El PP, que en este mandato necesitó del apoyo del Partido Socialista Independiente de Salobreña -una escisión del PSOE, lo cual no deja de ser otra paradoja-, se habría desgastado de forma extraordinaria durante los cuatro últimos años. El propio alcalde, Jesús Avelino Menéndez, lo reconoce abiertamente y le echa la culpa a la crisis. "Salobreña vivió hasta hace cuatro o cinco años una época muy boyante pero ha sido duramente golpeada por la crisis. Ahora hay gente que viene al Ayuntamiento pidiendo no ya un empleo, sino comida", explica el regidor, que dadas las circunstancias no se extraña de que las encuestas pronostiquen un vuelco. "Los ciudadanos suelen hacer pagar el pato al gobierno local y al alcalde, porque somos los que más cerca estamos", razona.
El pato lo está pagando él, que de hecho en el mencionado sondeo del Cadpea resultaba ser el alcalde peor valorado de la provincia de Granada, con una nota de un 2,8, pero probablemente también su sucesor, Rubén Rodríguez. Porque Menéndez no repite como candidato.
Dos son las teorías que circulan al respecto: una apunta a que su partido no quiso contar con él por haber adoptado decisiones controvertidas durante su mandato, especialmente por proponer el incremento del IBI para las segundas residencias, precisamente en una ciudad en la que abundan las casas ocupadas únicamente durante los meses de verano, sobre todo por personas que bajan desde la capital para pasar sus vacaciones.

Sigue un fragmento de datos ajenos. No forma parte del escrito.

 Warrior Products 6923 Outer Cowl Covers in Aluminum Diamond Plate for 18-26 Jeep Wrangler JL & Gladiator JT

Él dice que no es así, que lo del IBI es una medida de la que no se arrepiente "porque en una ciudad que cada vez demanda más servicios y que tiene menos ingresos del Estado, algo hay que hacer", pero que no provocó su defenestración, que se va él por voluntad propia, influido por esa asfixia económica, por problemas de salud que le han perseguido durante el último año y porque su familia ya no aguanta más su ritmo de vida. Y confía en que Rubén Rodríguez mantenga las siglas del partido en la Alcaldía. "Está muy cualificado y tiene las mismas ganas que yo cuando llegué hace diez años", concluye.
Gonzalo Fernández Pulido, candidato de los socialistas, también ve a su rival como una persona válida y valora que el PP haya apostado por una "regeneración política" que le parece imprescindible "porque la gente ya está cansada de ver siempre las mismas caras y los mismos nombres".

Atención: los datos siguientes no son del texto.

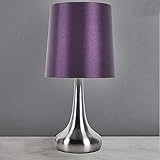 MND Stylish & Adorable Rimini Touch Lamp with Faux Silk Lampshade Bedside Sideboard Desk Table Lamp - Purple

Pero ahí acaban los elogios. Sostiene que el sentir generalizado en los ciudadanos es de "hastío" por diez años de gobierno del PP, al que ve "cansado y sin proyecto". "La gente demanda un cambio y a la hora de votar no va a tener en cuenta la situación en el país porque ve que la raíz de sus problemas está en la parálisis de gobierno que hay en Salobreña, una situación que tiene responsables con nombres y apellidos", continúa.
El primero de esos nombres sería el del actual alcalde. El segundo, el de su socio de gobierno, Manuel Pérez Cobos. "Si no tenemos mayoría para gobernar, el último partido al que acudiría para llegar a un acuerdo sería el PSI, porque traicionó al PSOE y porque, manteniendo las siglas socialistas, se echó en los brazos del PP y engañó a los vecinos. No los puedo considerar socialistas", acaba el alcaldable del PSOE.